• [Work item] Copy each line below as written, but skip the pictures.
**** Material to process ****
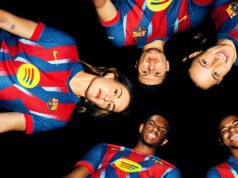 Cuarta camiseta Nike del FC Barcelona 2025 2026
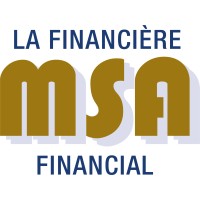 MSA Financial/La Financière MSA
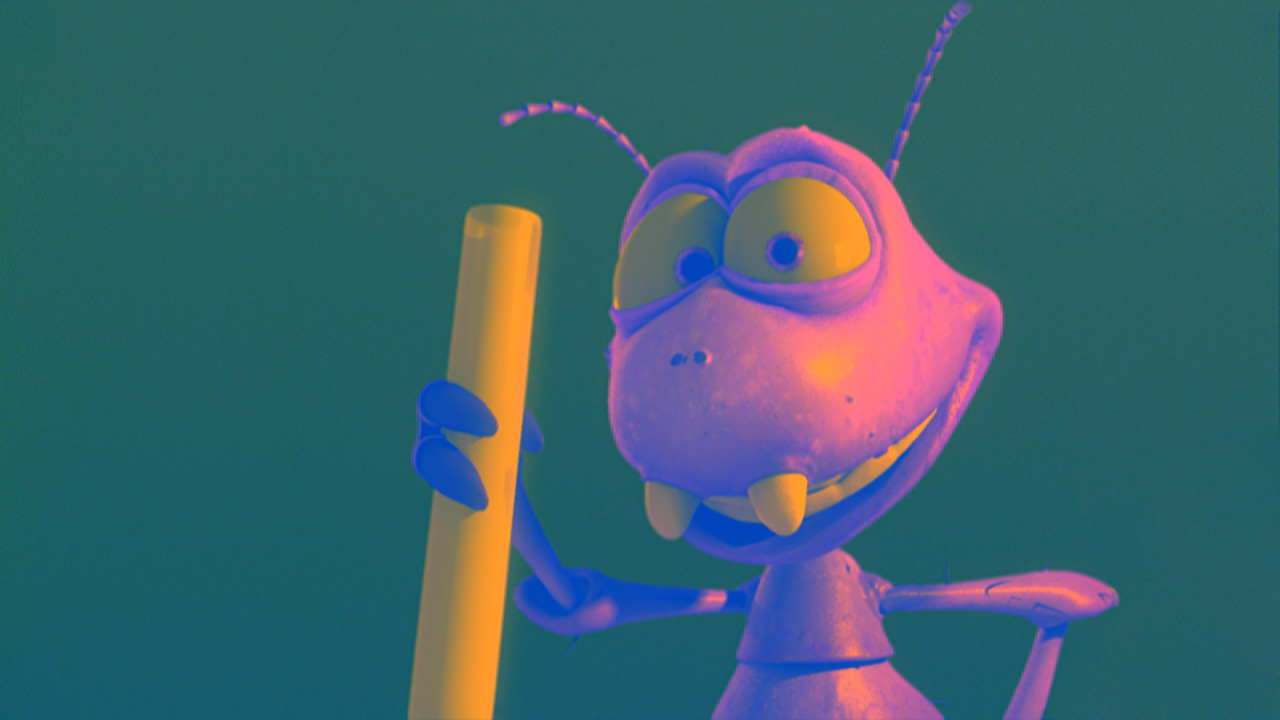 ps滤镜插件|ps可变反转颜色滤镜(Channel Inve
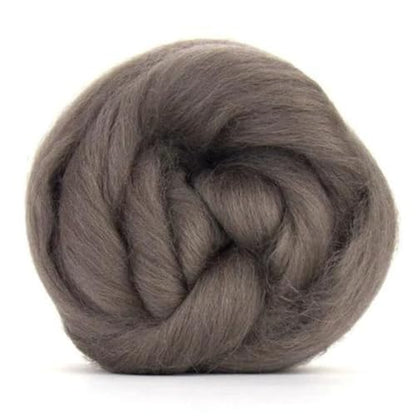 Dyed Corriedale Wool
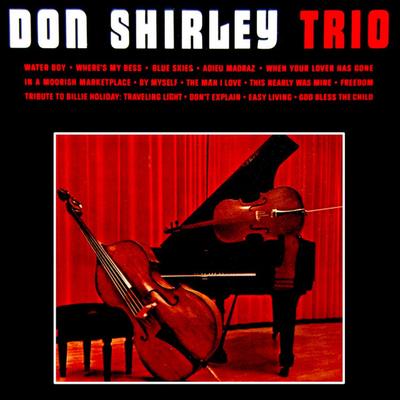 Don Shirley Trio's cover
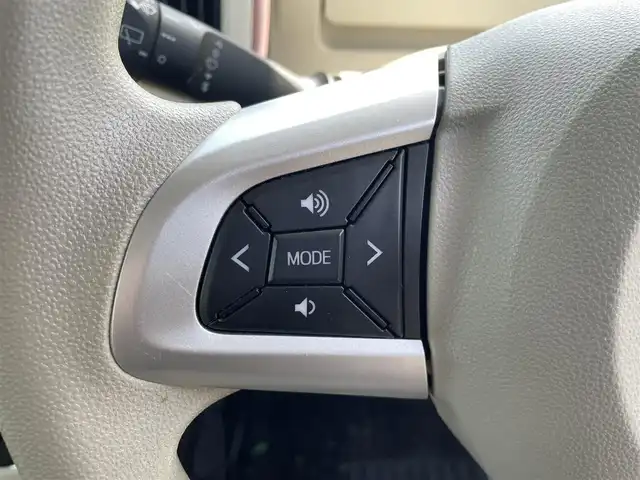 ダイハツ ムーヴ キャンバス G メイクアップ VS SAⅢ 福岡県 2022(令4)年 4.1万km パールホワイトⅢ/ブルーミングピンクメタリック ダイハツスマートアシスト　/社外ナビ（CD.DVD.BT.FM.AM）/ドラレコ　/フルセグＴＶ　/バックカメラ　/パワースライド　/全周囲カメラ　/横滑り防止　/ETC　/アイドリングストップ　/ステアリングリモコン　/ベンチシート　/スマートキー/シートヒーター/プッシュスタート/スマートキー/純正フロアマット/純正アルミ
****
• [Exercise output]
 Cuarta camiseta Nike del FC Barcelona 2025 2026
 MSA Financial/La Financière MSA
 ps滤镜插件|ps可变反转颜色滤镜(Channel Inve
 Dyed Corriedale Wool
 Don Shirley Trio's cover
 ダイハツ ムーヴ キャンバス G メイクアップ VS SAⅢ 福岡県 2022(令4)年 4.1万km パールホワイトⅢ/ブルーミングピンクメタリック ダイハツスマートアシスト　/社外ナビ（CD.DVD.BT.FM.AM）/ドラレコ　/フルセグＴＶ　/バックカメラ　/パワースライド　/全周囲カメラ　/横滑り防止　/ETC　/アイドリングストップ　/ステアリングリモコン　/ベンチシート　/スマートキー/シートヒーター/プッシュスタート/スマートキー/純正フロアマット/純正アルミ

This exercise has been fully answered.